WHILE the Greek astronomers Hipparchus and Ptolemy were cataloguing the stars as
seen from the Mediterranean and dividing them into the patterns that we still
know today, Chinese astronomers were developing a completely different
celestial tradition in the far east. If China can be said to have an equivalent
of Ptolemy and the star catalogue in the Almagest, it would be Chen Zhuo (c. AD 220–280) and the list of over 1400 stars that he compiled. Chen himself post-dates
Ptolemy by a century, but in his unnamed catalogue he collated observations by
Chinese astronomers who worked several centuries before him, earlier even than
the Greek Hipparchus.
As in the west, different sets of constellations were invented by different
astronomers, although in China the final selection was fixed much earlier. Chen’s catalogue was a synthesis of the work of three previous authorities and their
respective followers: Shi Shen and Gan De, who both lived around 300 BC; and Wuxian (or Wu Xian), whose dates are completely uncertain and who might
even have been fictional. Shi Shen and his school is credited with 93
constellations, Gan De with 118, and Wuxian with 44, giving a total of 255.
Most of these constellations consisted of only a handful of stars, and some were
just a single star; very few of the ancient Chinese constellations contained
more than a dozen stars.
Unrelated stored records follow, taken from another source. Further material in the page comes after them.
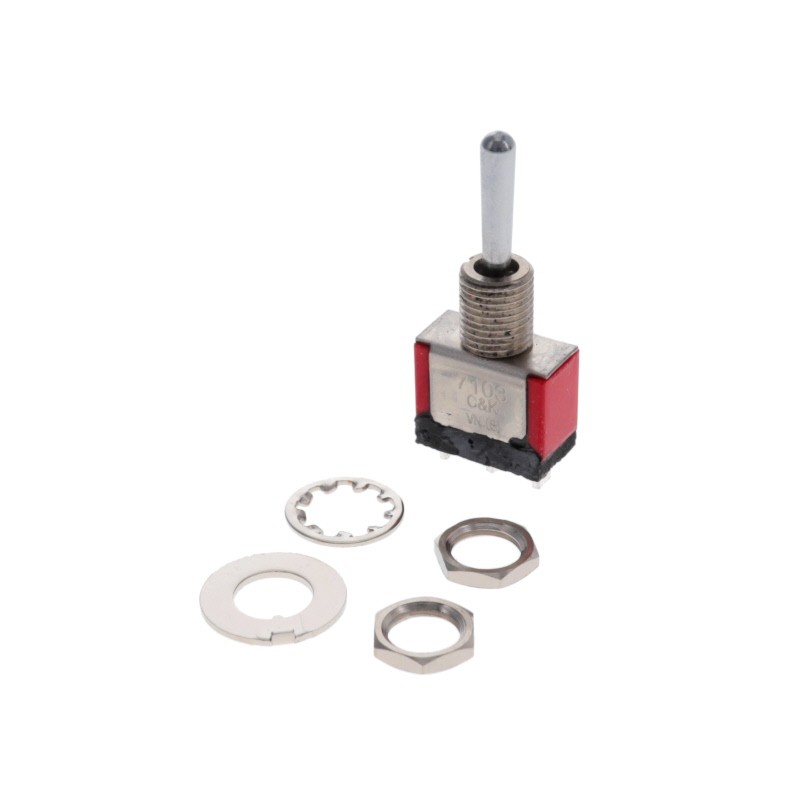 1 pcs : 7105P4D9ABE - SWITCH TOGGLE SPDT 0.4VA 20V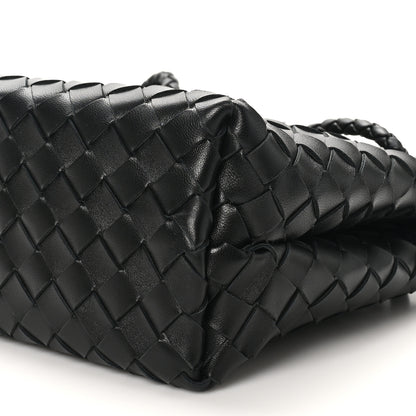 Bottega Veneta Nappa Intrecciato Small Andiamo Shoulder Bag Black 9 of 9
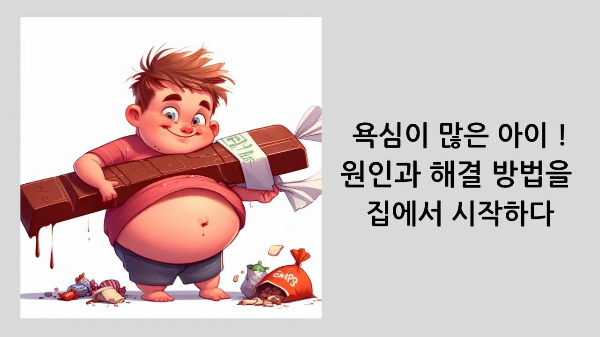  욕심이 많은 아이 / 원인과 해결 방법을 집에서 시작하다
There were no later additions to the Chinese
constellation pantheon after Chen’s time, although some of the existing ones were modified.
Additional to these 255 star groups, and predating them, were 28 ancient
divisions of the ecliptic known as xiu (formerly transliterated as hsiu), or mansions, as listed in the table below. These were vertical strips of sky
that acted as markers for following the nightly progress of the Moon as it
orbited the Earth each month, like a kind of zodiac, thereby providing the
basis for a lunar calendar. Since the names of these mansions are so old, the
origin and meaning of many of them is no longer understood.
Unlike the 12 houses of the zodiac familiar to western astrologers the 28 xiu were not equally spaced but varied considerably in width, from a mere 2° (Zi, the 20th mansion) to 33° (Jing, the 22nd), and stretched from pole to pole. Each xiu was named after a constellation within it, not necessarily on the ecliptic – another difference from western zodiacal constellations, all of which lie on the
Although Chen Zhuo’s original catalogue was lost some time in the 6th century, we know from later
works that it contained 1464 stars, over 400 more than the Almagest. When we talk of the Chinese sky and Chinese constellations, it is this
blending of the three traditions of Shi Shen, Gan De, and Wuxian with the 28 xiu of the zodiac that we mean, giving a total of 283 constellations. What’s more, the Chinese system spread to Japan and Korea, so Chen’s catalogue and the maps made from it are the basis of a more general
far-eastern tradition. This combined set of constellations remained in use
until the early 17th century, when western constellations were introduced by
Jesuit missionaries such as Adam Schall von Bell (1592–1666).
Chinese star charts
When Chinese celestial cartographers came to depict the sky, they at first used
different colours to distinguish the constellations of the three different
schools. Around AD 440 the Chinese astronomer Qian Lezhi made a bronze celestial globe (some
describe it as a planisphere rather than a globe) on which the stars attributed
to Shi Shen were shown in red, those of Gan De in black, and those of Wuxian in
white (open circles). China was also the source of the first star charts on
paper, the oldest known example being the Dunhuang chart, now thought to date from the mid to late 7th century AD.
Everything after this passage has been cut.